Ingredients for - Summer Lamb Kabobs

1. Boneless lamb shoulder, cut into 1 inch pieces 5 pounds
2. Dijon mustard 6 tablespoons
3. White wine vinegar 4 tablespoons
4. Olive oil 4 tablespoons
5. Salt ½ teaspoon
6. Black pepper ½ teaspoon
7. Chopped fresh rosemary ½ teaspoon
8. Crumbled dried sage ½ teaspoon
9. Garlic, chopped 4 cloves
10. Green bell peppers, cut into large chunks 4
11. Whole fresh mushrooms 1 (10 ounce) package
12. Pineapple chunks, drained with juice reserved 1 (16 ounce) can
13. Cherry tomatoes 1 pint
14. Onions, quartered 4
15. Maraschino cherries, drained and juice reserved 1 (10 ounce) jar
16. Melted butter or margarine ⅓ cup

How to cook deliciously - Summer Lamb Kabobs

1 . Stage

Place lamb in a large bowl.

2 . Stage

In a separate bowl, stir together mustard, vinegar, olive oil, salt, pepper, rosemary, sage, and garlic. Pour over lamb, and mix to coat meat. Cover, and refrigerate overnight.

3 . Stage

Preheat outdoor grill for direct heat.

4 . Stage

Add marinated lamb, fruit, and vegetables to stainless steel or bamboo skewers.

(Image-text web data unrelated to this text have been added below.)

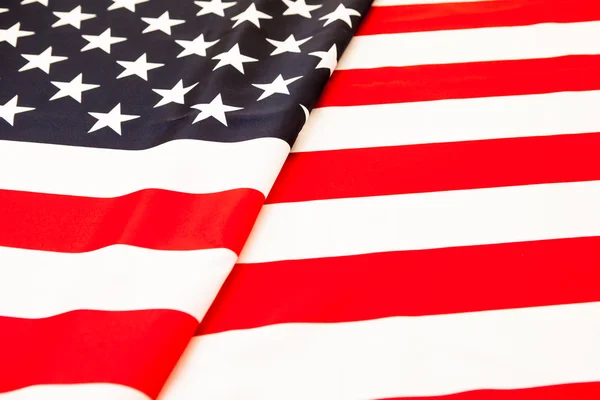 American flag. Pure linen fabric flag carefully folded. — Stock Photo, Image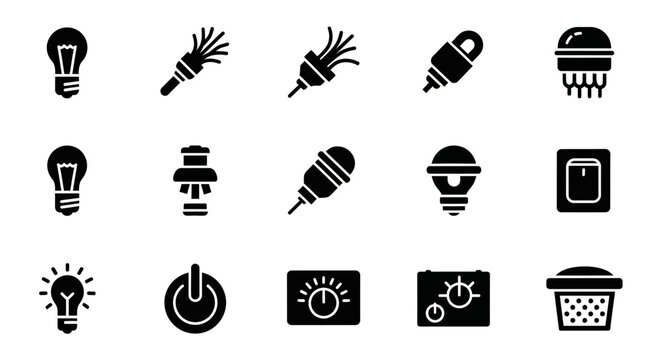 Black light bulb, lamp and electrical icons set, 15 vector symbols for energy, power and lighting concepts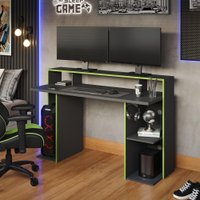 Mesa Gamer para Pc Computador Preta Verde Com Suporte Headset Gaia Permobili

Reserve some of the juice from pineapple chunks and cherries.

5 . Stage

In a small bowl, stir together melted butter and splashes of juice from the pineapples and cherries to create a basting sauce.

6 . Stage

Place skewers on preheated grill, and cook about 12 minutes, turning and brushing with butter sauce.